Her tears had begun again and she berated herself for not being tougher.
Phil’s car had not been parked outside, she told the dead cat, and so he couldn’t be here. Samantha sniffed and jutted out her chin. She had been alone in this isolated cottage for three years since her mother had died. She was used to the remoteness but her pets were important to ward off any feelings of loneliness.
From the kitchen she got a garbage bag and wrapped Fanny in it. She put the body in the wash-trough and went outside to check on her other pets. The lantern flickered in the mild breeze but did not extinguish. Samantha used the fence as a guide, fumbling and tripping over shrubs and rocks. She pulled her cardigan tight around her. The temperature seemed to have dropped now that she stood on open ground. The cold gusts soon had her teeth chattering. She shielded the lamp with her body, knowing how vulnerable the tiny flame was.
The glow was much nearer now and she presumed that whoever was out there would call to her soon. She strained her eyes to try to pick out either the goat’s shaggy white coat, or Pip’s darker chestnut form. Her call carried across the yard but was not returned with either a bleat or a neigh.
The catch on the old rusty gate was stuck and she had to heave against it to get it to unlatch. But it still didn’t move even once it was undone, and all the pushing and cursing she expended on it could not make it budge.
‘Crap, crap and double crap,’ she cursed.
She swung her head around toward the glow in the paddock, feeling momentarily guilty about swearing. The light drew ever closer but she still could not make out who it was. An involuntary quiver caused her arm to shake and the lantern to tip. Samantha fought to steady it before it fell onto the ground. The flame ebbed and spluttered but remained lit. It was then that she saw the body of her pony on the other side of the gate.
No,’ she whispered. ‘Pip, Pip get up, please.’
But when she reached out to touch the pony’s neck she knew that it wasn’t possible. Nor was it possible for the goat nearby, whose body was stiffened and beginning to bloat, to ever stand again.
They were both dead.
‘No!
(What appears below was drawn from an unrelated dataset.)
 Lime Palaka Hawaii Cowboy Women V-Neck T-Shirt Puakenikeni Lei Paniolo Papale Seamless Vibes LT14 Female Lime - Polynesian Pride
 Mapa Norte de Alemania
No! Why?’ she howled.
Tears flooded as the pain of loss hit her like a punch to the stomach. Her head reeled with the tragedy of the situation. It took a few seconds before she comprehended that these creatures had not died by accident. An icy tingle went up her spine and her mouth became quite dry. Samantha swallowed hard. The light had disappeared behind the garden shed. When it re-emerged she wanted to greet whomever with dignity, not blubbering like some kindergarten child.
The brightness was not emitted from a torch or lamp; it came from the creature itself. It was tall and slim and most certainly not human. A malicious smile appeared to cross its face as the thing moved ever closer. It exposed clusters of needle-like teeth that dripped with a greenish-yellow liquid.
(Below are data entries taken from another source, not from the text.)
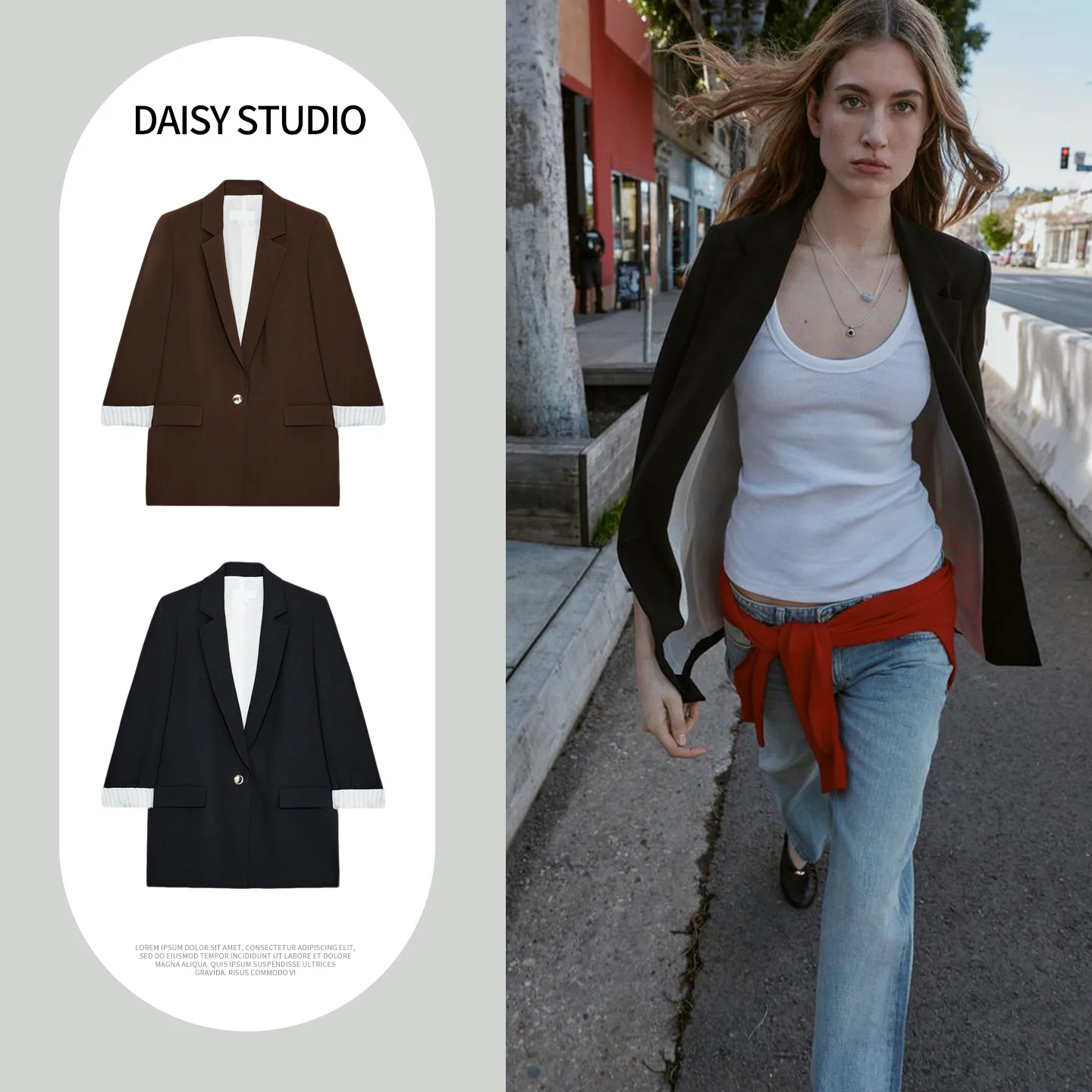 Spring New Arrival Women's Commute Style Long Sleeve Printed Cuff Suit Jacket Shoulder Pad Flip Collar Breathable Polyester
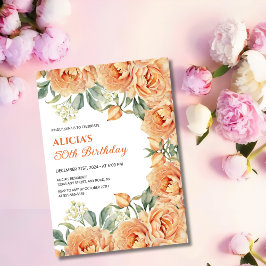 シックなオレンジ色の牡丹素朴フローラ緑の誕生日 招待状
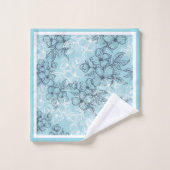 Flower Sketch Charcoal Grey and White  Bad Handdoek (Wasdoekje)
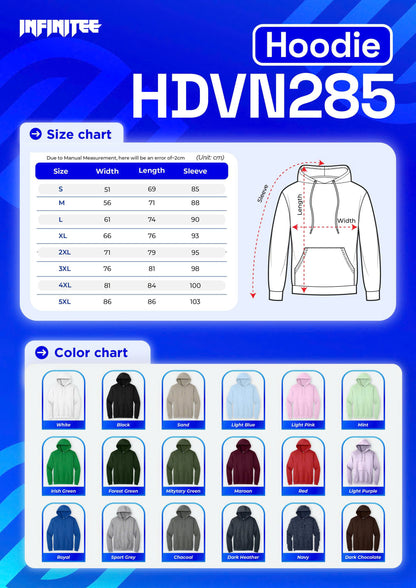 Hoodie size and color chart with Infinitee branding on a blue background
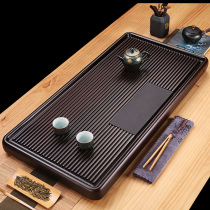 Ebony tea tray whole solid wood household large simple tray tea sea modern simple drainage log tea table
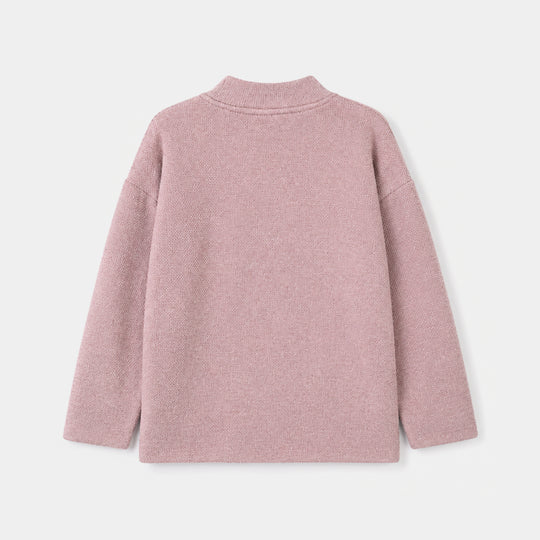 Girls Thermal Mock Neck T-Shirt -Pink
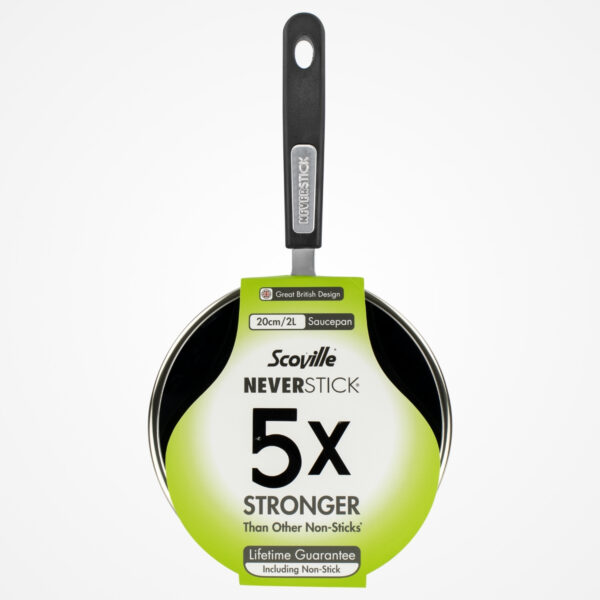 Scoville Neverstick 20cm Saucepan with Lid, Large Non-Stick Saucepan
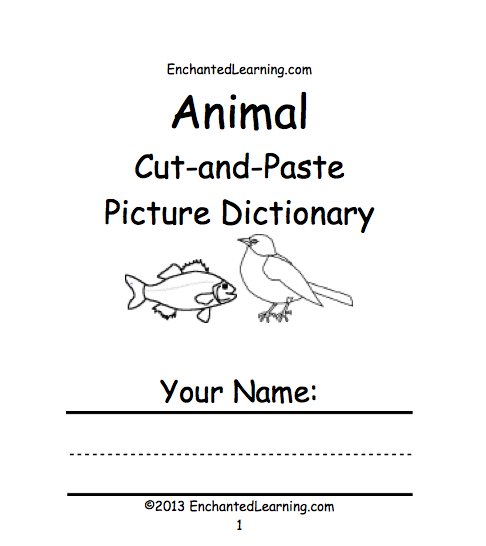 Search result: 'Animal Cut-and-Paste Picture Dictionary - A Short Book to Print'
This time when Samantha trembled the lantern did hit the ground, and the darkness embraced her.
The light of dawn fell upon the small farmyard. The wheat in the paddock seemed to sing in the gusty wind. It was the only sign of life for a very long way.
The End
“Reaping” Copyright © 2010 by Pam Farley, All Rights Reserved
wow that was amazing i would never of thought it was an alien or a monster i thought it was a person killing her animals.
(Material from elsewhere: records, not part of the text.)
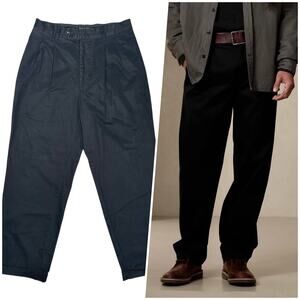 Banana Republic | Men | Smithfield Black Pleated Cuffed Wide Chino Pants | 33 R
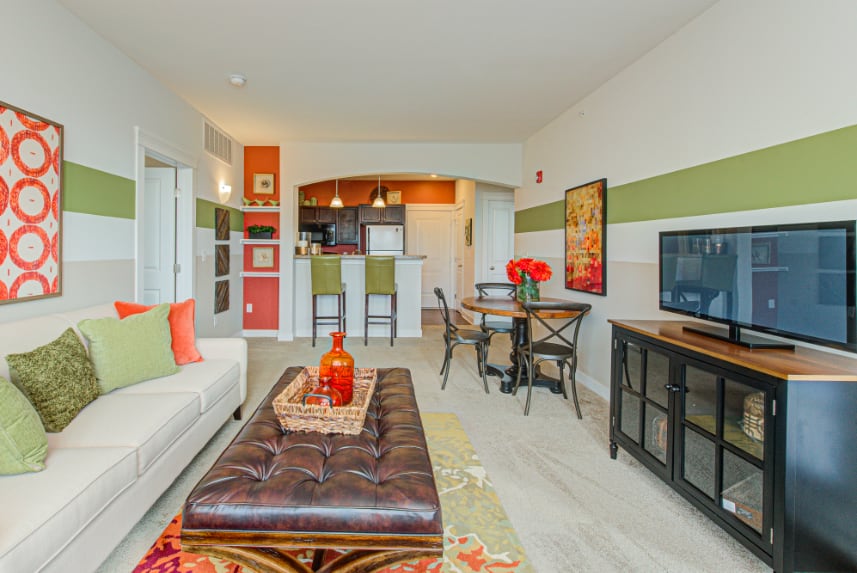 Model living room in Westfield apartments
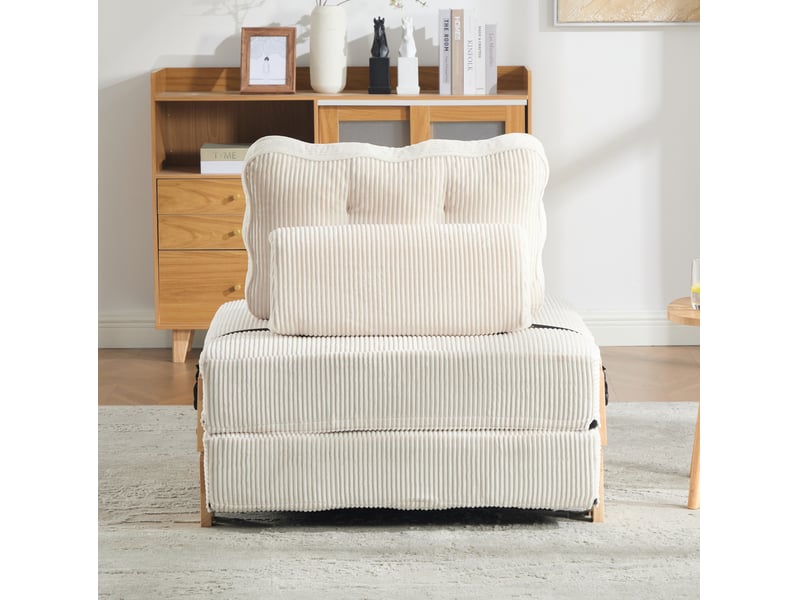  Fauteuil convertible avec dossier ergonomique et fonction couchage, pieds en bois, velours côtelé beige, 90 × 86 × 84 cm  - Conforama C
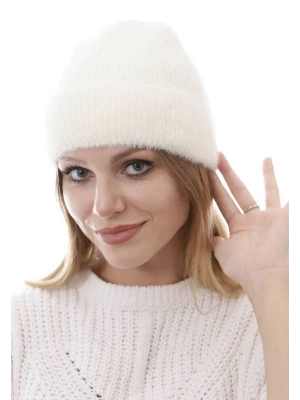 Unisex Tam Kalıp İnce Sakallı Triko Bere - Beyaz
my brother nicholi is a loser
Sorry, but this was just a mediocre story written by someone who is not a good writer. It started off good, lots of “show rather than tell.” But everything that happened was soooooooooooooo predictable. And THAT means it was not scary.
it was so predictable i mean sooooooooooooooooo it was not what i thought it would be but good plot to it even if a little scary
i didn”t read it yet
whoah this weblog is great i really like studying your articles. Stay up the great work! You know, lots of people are searching round for this info, you can help them greatly.
That was a really great story. I enjoyed the suspense, How it left you hanging of what happened to samantha and who that thing was.